News
2017年4月1日 更新
日本で最初の学校である東京シュタイナーシューレが生まれた1987年から、2017年の今年で30年になります。ビルの一室、1年生8人からの出発でした。
30年というと、人の成長を思います。30歳は人が成人して自分の生きる職業や課題に向かってしっかりと立つ頃です。日本のシュタイナー学校も、全体としては10回12年生を送り出し、卒業生たちの社会での活動が伝えられるようになりました。あたたかさの中で育まれた彼らが、自分の命への信頼をもって、「人と世界のために何ができるだろう」と生きる姿は、私たちの希望です。
そして100年というと、世界と時代の変化を思います。1919年、第一次大戦後の激動のヨーロッパで、ヴァルドルフ/シュタイナー学校は「現代と近い未来のための学校」として誕生しました。最初の学校は20年を待たずにナチス政権下で閉鎖され、中断の時を経ながらも復興し、以来、シュタイナー教育も世界中に広がりました。
シュタイナー教育100周年-ヴァルドルフ100-は、決して100年の困難と喜びの回顧ではなく、次の1世紀に、国や民族を越えて拡がったこの教育運動は何ができるか、という問いです。
シュタイナー学校をつくる者たちは、世界中どこの国でも、直接の出会いを何より大切にします。

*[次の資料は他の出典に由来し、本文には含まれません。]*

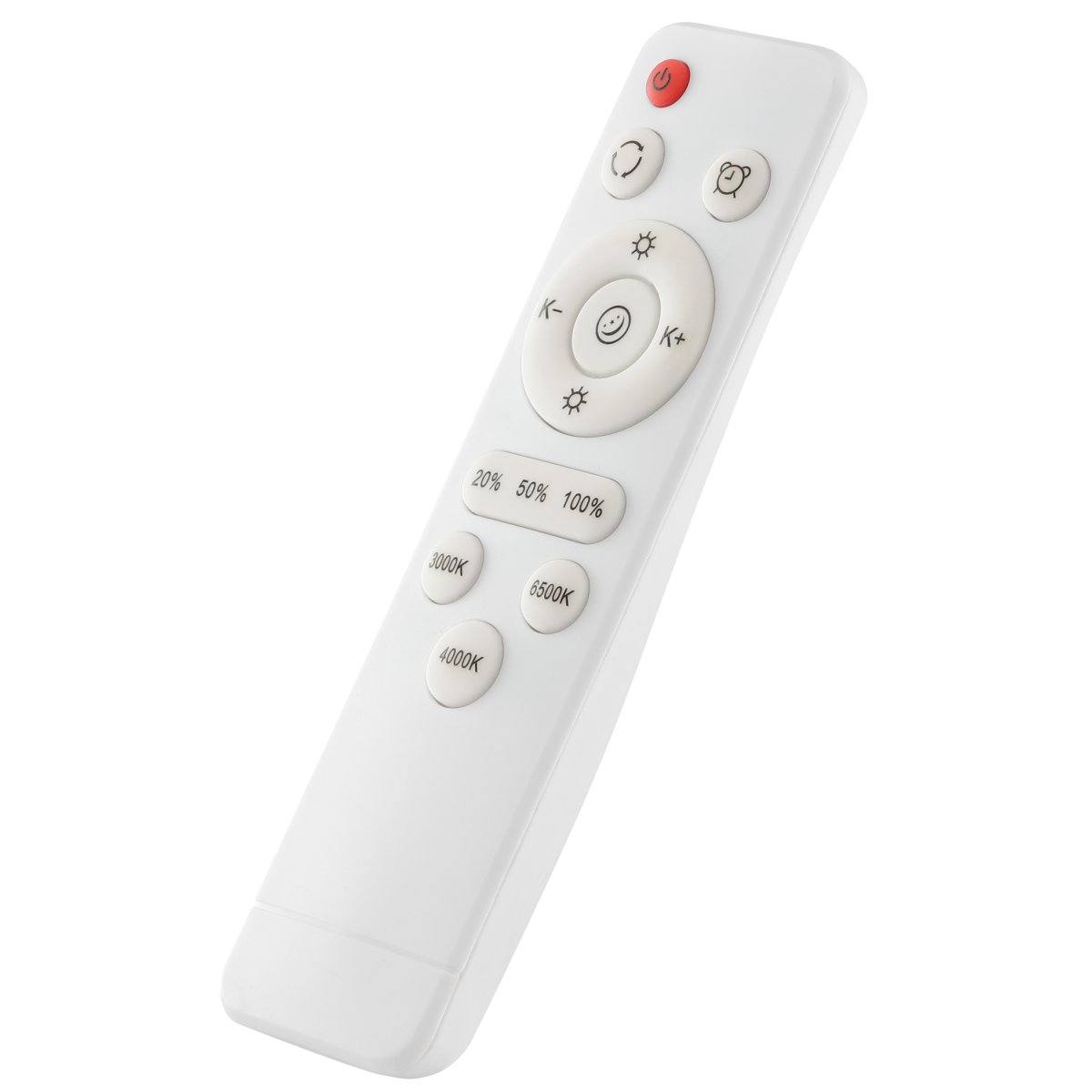 Larios Ø40 Wit plafondlamp Van Brilliant - Bovendien is Larios uitgerust met zowel een timer als een nachtlampfunctie, waardoor hij een perfecte keuze is voor slaapkamers of andere ruimtes waar u een rustige en sfeervolle omgeving wilt creëren.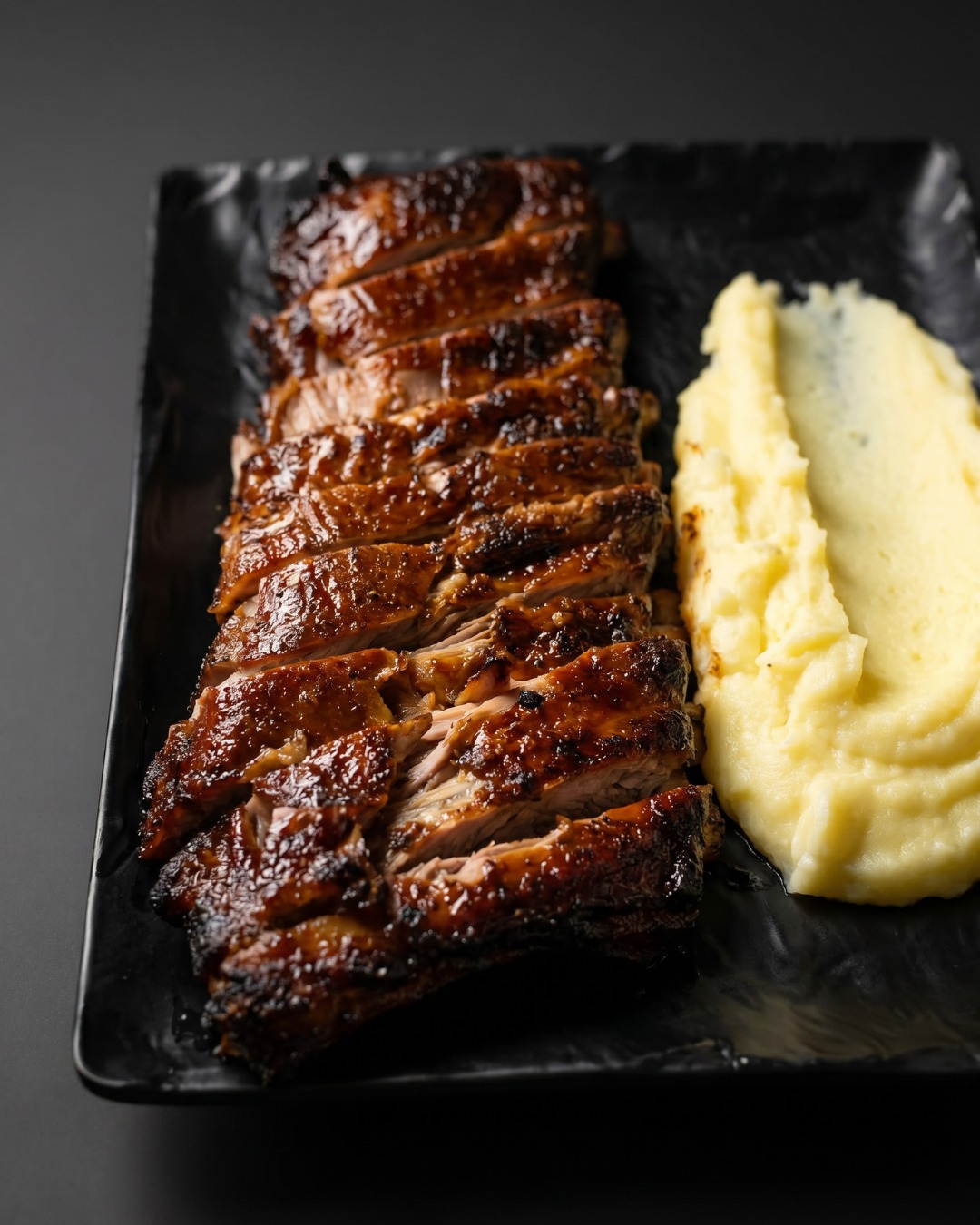 Slow-cooked house ribs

子どもと教員とが出会い、その橋を親に、同僚に、地域、国、そして世界へと広げていく中で、人と人との交流も、波紋のように大きく深くなります。私たちは、日々の教育に向かいながらも、近隣のアジアの学校、そして世界中の学校へと、時代の動きを感知する感覚器官をひらいていきたいと思います。シュタイナー学校から巣立つ若い人たちのように、「世界のために今自分に何ができるか」を問いながら。